3,300 Individuals Linked to Child Abuse Websites Were Exposed via Infostealer Logs

• Security researchers used malware data to track down individuals connected to child abuse websites.
• Infostealer logs can reveal granular data that can then be used by law enforcement.
• This led to over 3,300 unique credentials for known child abuse material websites being exposed.

Approximately 3,300 consumers of child sexual abuse material (CSAM) were singled out via the analysis of infostealer malware data from February 2021 to February 2024, a Recorded Future's proof-of-concept (PoC) report said. 

Recorded Future's Identity Intelligence analyzed infostealer malware logs to identify CSAM, access additional sources, and reveal geographic and behavioral trends in CSAM communities. This information can help law enforcement understand CSAM website infrastructure and identity concealing techniques and identify potential consumers and producers. 

The analysis revealed 3,324 unique credentials used to access known CSAM websites and granular data, including their usernames, IP addresses, and system information. Of these, 4.2% had credentials for multiple sources.

The security researchers used the collected data to identify users who owned credentials to a previously made list of known high-fidelity CSAM domains, adding the help of non-profit organizations like the World Childhood Foundation and the Anti-Human Trafficking Intelligence Initiative (ATII).

For instance, individuals and their cryptocurrency addresses were identified via infostealer logs data and open-source intelligence (OSINT).

Infostealer malware is a tool usually deployed via phishing, spam, fake browser updates, SEO poisoning, and malvertising.

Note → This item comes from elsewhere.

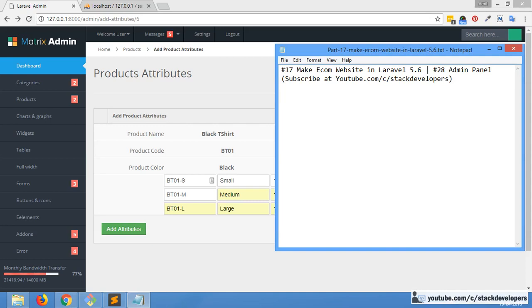Hello everyone. Welcome to part 17 of the eCom series in Laravel 5.6. In this video we will continue working on product attributes. Our main objective is to store data in our product attributes table.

Cybercriminals use it to exfiltrate sensitive user information such as usernames and passwords, card data, cryptocurrency wallet details, operating system information, browser cookies, screenshots, and autofill data.

Tor-based websites with .onion domains offer anonymity that enables CSAM production and consumption, although only a small percentage. Yet, most Dark Web browsing activity targets these websites.